今回2019年の日本大会では、各地で日本のファンの方々が、いろいろなチームに対してアクションを起こしてくれました。参加国の国歌を歌うスクラムユニゾンプロジェクト等、僕も選手としてではなく1ファンとして関わらせて頂き、ニュージーランド大会と似た様なものを感じる事が出来ました。試合だけでなく、ファン達の活動を含めて見ていて楽しく素晴らしい大会になったと思います。試合会場だけでなく、パブリックビューイングでも試合前のアンセムを歌うために歌詞カードを配ってくれ、TVモニターの前でみんなで歌ったり、他の国の人々もフレンドリーに話しかけてくれたりして、凄く良い雰囲気を醸し出し、試合会場以外でも凄く一体感がありました。また日本でワールドカップを開催してほしいと思いますし、日本代表も勝ってくれるとラグビー人気が定着すると思います。

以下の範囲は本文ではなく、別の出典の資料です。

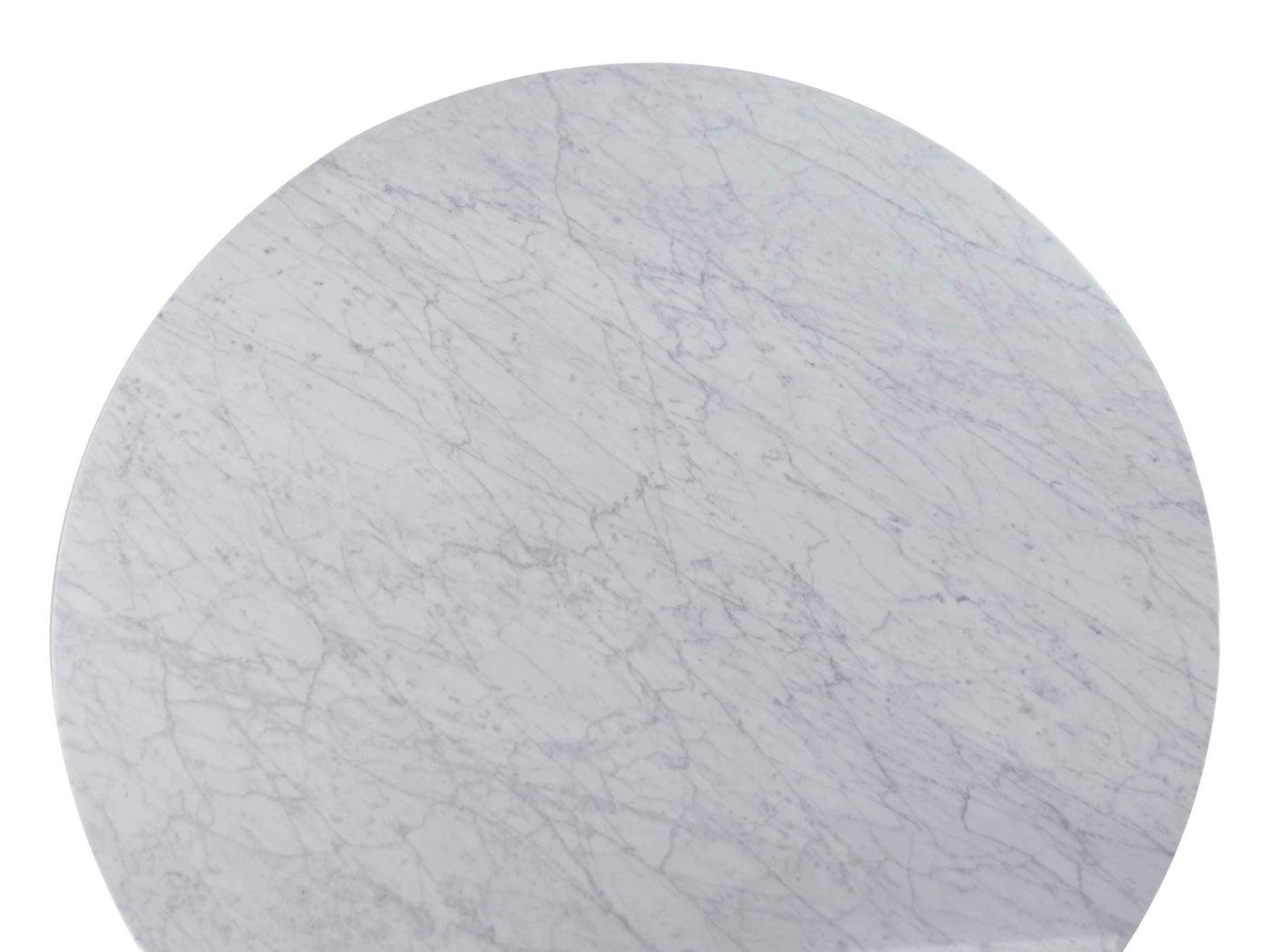 1.15m Marble Round Dining Table - Natural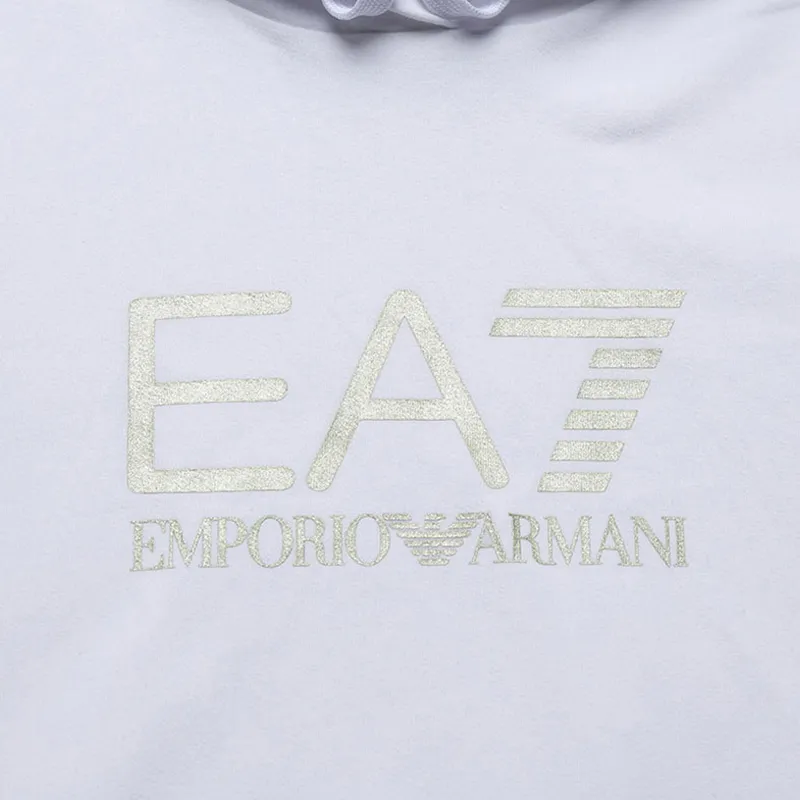 EMPORIO ARMANI Gold Embossed Logo Hoodie-5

また今回のワールドカップ日本大会で楽しみにしていたチームは、エディー・ジョーンズ率いるイングランドです。前回のワールドカップの日本代表でのエディさんの戦い方を、エディジャパンとして体験しているので、今回はイングランドの国民性を理解して、どの様なチーム作りをして指揮をとって闘うのか楽しみにしていました。やはりFWコーチなのでスクラムに特化して観戦していました。」
来季に向けて
「新体制になり来季で2シーズン目に入ります。ヘッドコーチのブラックアダーの考えるチーム作りが、より明確に選手に伝わってくるシーズンだと思います。選手とのフィードバックから、個人として伸ばしたいところをレベルアップする事で、優勝という二文字が見えてくると思います。是非優勝を目指して頑張っていきたいと思います。
個人的にはFWのアシスタントコーチが2シーズン目に入ります。選手にはより理解して貰うために、伝え方を勉強中です。強いFWを作りたいのと、強いスクラムを目指しています。試合会場の観戦に来て頂き、スクラムが押し勝った時などに会場が盛り上がってくれる様な強いFWをファンのためにも作っていきたと思います。」